Markets

The Case For Cash

wealth-69525__340(Disclaimer: The following piece is educational and entertainment only. It does not constitute advice of any kind. Investment advice should only be taken in the context of an individual (or household) examination of suitability and risk tolerance by a professional advisor.)

If there is one strategy that is anathema to the vast majority of investment advisors, it is electing to reduce exposure to stock and bond investments and increase holdings of short-term CDs or “cash.” There are several reasons they hate this:

  • They usually don’t get paid when you go into cash: advisors typically do not charge a fee on cash holdings. Their bosses don’t like this either.
  • One of the commandments (there probably aren’t ten of them) of modern investment theory is that you have to stay “in the market” and not try to “time” it. This assumes “you can never tell when it is going to up or down so just hold on.” In recent decades, there has been more emphasis on the risk of missing out on gains, than on the risk of losing principal. This has become very close to gospel.
  • Anytime a client does something that goes against convention or what would be considered prudent or responsible (according to theory), the investment firm sees themselves as exposed to liability: if the market went up substantially while you were on the sidelines, they fear that you might hold them responsible for the lost opportunity.
  • Compounding (growing) is at the foundation of investment thought. When you are in cash or CDs, your money is not compounding. Today, it would hardly grow at all with rates near zero. This makes matters worse if inflation is at least 2%: you effectively lose some purchasing power unless you at least earn the inflation rate. A 2-year CD might get you 1%.
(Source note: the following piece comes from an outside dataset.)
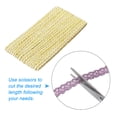 thumbnail image 4 of 13 Yards Gimp Braid Trim, 3/8 inch Upholstery Braid Trim for Costume Sewing DIY Crafts Gold White, 4 of 6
Theoretically, there are few times when cash is the best investment strategy. Investors usually have choices between categories of higher-return investments such as bonds, “safe” stocks, real estate, or commodities (these are called ‘asset classes’). If stocks are seen as a poor risk/reward, bonds, real estate and precious metals or commodities might offer more attractive alternatives. Unfortunately today, bonds are at the highest prices in nearly a century, stocks are in the sixth year of gains, real estate is acting “bubbly” like an echo of the 2005-8 era, and commodities and precious metals are very volatile–though they have fallen a great deal in the last couple of years.

The case for cash is this: having your investments not growing (or even losing 1% per year from inflation) is far preferable to having your investments fall 20% or more. The mantra of most advisors is that “the market always comes back.” That’s not really true. It can take decades for stock indexes to recover from a steep fall. Unless you’re thirty or forty, you might not have time to ride out the recovery. The risk to holding cash is that the market continues to rise while your money is treading water. Whenever you struggle to choose between alternatives, one technique is to ask yourself which choice would let you sleep better. Only you can answer that.